ECA Bill gets thumbs up
Cabinet has approved the Electronic Communications Amendment Bill (ECA Bill), which clears the way for the introduction and licensing of the proposed wholesale open access network (WOAN).
The ECA Billl seeks to implement and give effect to the policy objectives set out in the National Integrated ICT Policy White Paper, published in late 2016. The Bill contains provisions such as spectrum allocation, the WOAN and rapid deployment policy, which have garnered widespread criticism from some stakeholders in the sector.
Some stakeholders in the industry called for the Bill to be withdrawn, claiming that it will have far-reaching implications for ICT policy and the South African economy in general.
ICT industry stakeholders were invited to submit comments on the provisions contained in the Bill. Telecoms operators and industry players submitted comments on the ECA Bill in January, and in March, industry stakeholders participated in an industry consultation workshop on the ECA Bill.
In a statement, the Department of Telecommunications and Postal Services (DTPS) welcomes the Cabinet decision, and says the Bill will be tabled in Parliament this week for consideration and processing.

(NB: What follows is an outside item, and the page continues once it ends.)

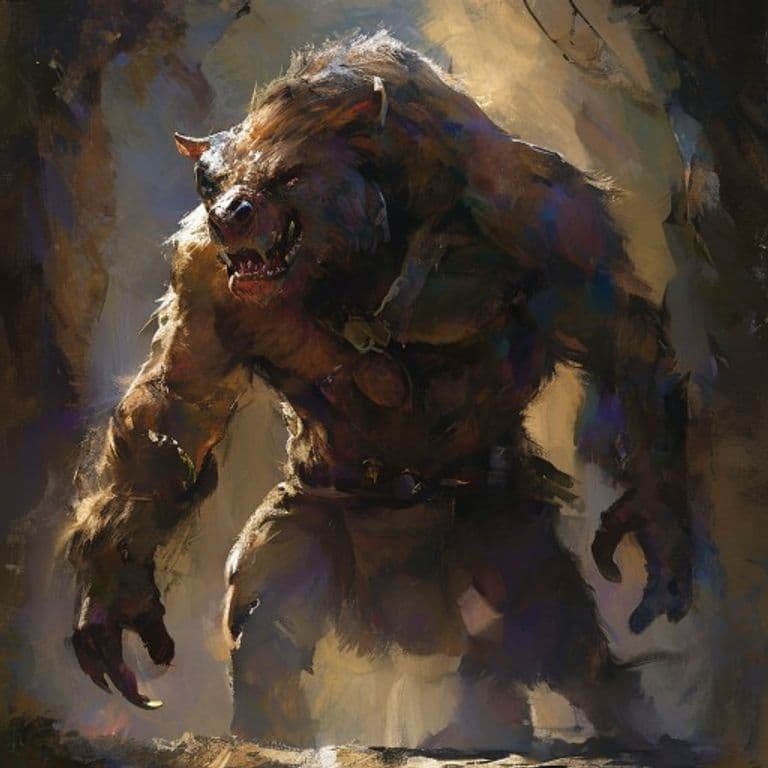 Wereboar — fantasy monster illustration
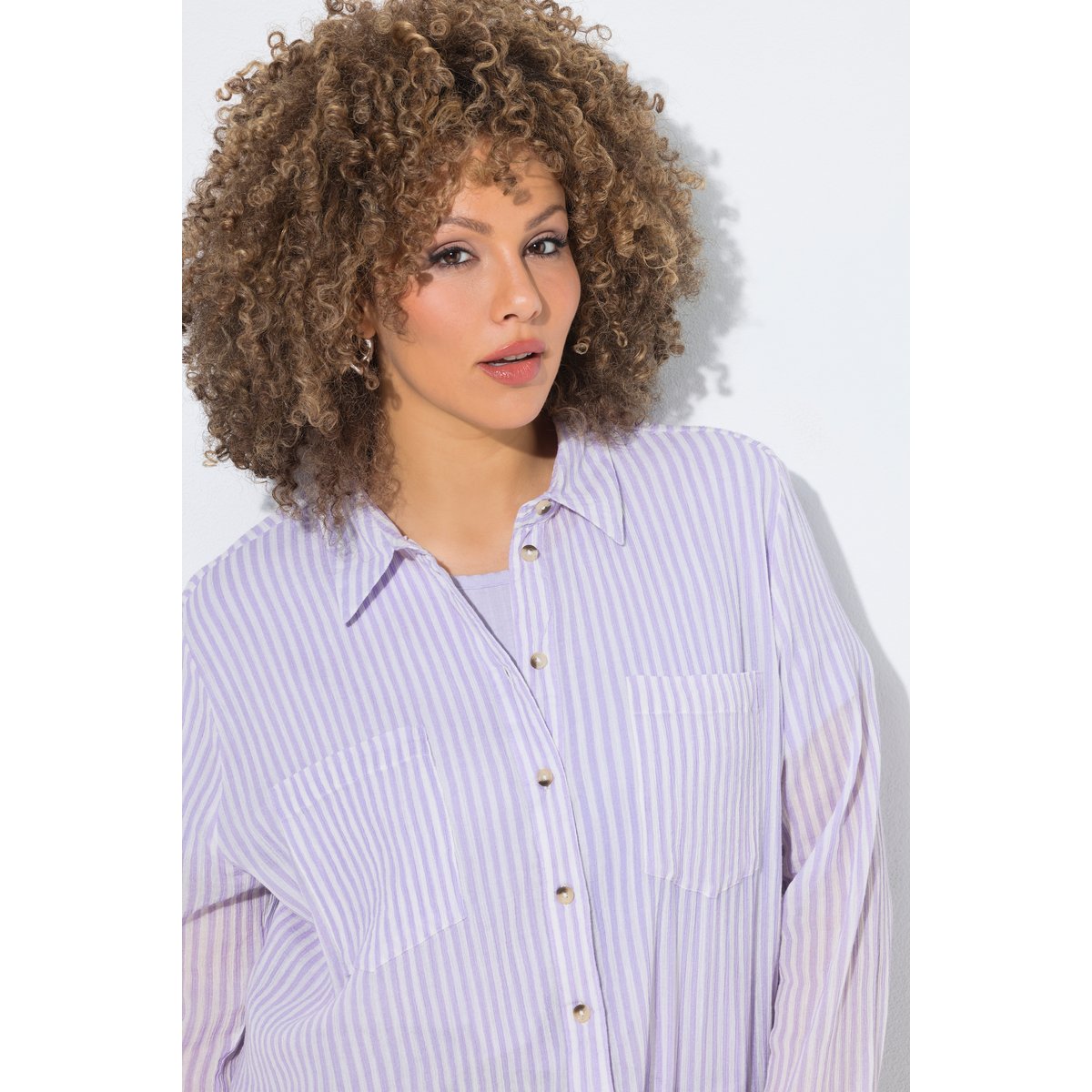 Chemisier rayé en crêpe violet vif, ULLA POPKEN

In addition to licensing spectrum for WOAN, says the DTPS, the Bill provides for measures to improve competition regulation and infrastructure sharing in the sector as well as interventions to strengthen the rapid deployment policy and the approach to the regulation of regional and international roaming.
Minister Siyabonga Cwele believes the finalisation of the Bill, after the Parliamentary process, will create clarity, predictability on the policy direction and the regulation of the sector.
The DTPS statement also welcomes Cabinet's decision to approve the outcome of the study conducted by the Council for Scientific and Industrial Research (CSIR) to determine the spectrum requirements for the WOAN.
The telecoms ministry commissioned the CSIR study to determine how much spectrum the planned WOAN would need and how much would be left over for private companies.
The study confirms that a portion of the radio frequency spectrum can be allocated to the WOAN, with excess capacity going to the industry, says the statement.
"The outcome of this process is crucial for the transformation of the ICT sector to inter alia remove entry barriers, encourage investments by black owned, small and large companies, restructure the market to lower the cost of infrastructure investment, thereby contributing to the reduction in the cost of communications," notes Cwele.
"Black-owned companies, SMMEs and the existing operators have a role to play in creating an enabling environment for the transition to the fourth industrial revolution. The conclusion of this process will allow government to plan forward and prepare to deal with further technological advances including 5G."
According to the statement, Cwele is scheduled to engage the Independent Communications Authority of SA, as required by the law, about the finalisation of a policy direction which will enable the regulator to implement policy. "The CSIR study will also form part of the policy direction and will be released to the public after consultation with the regulator."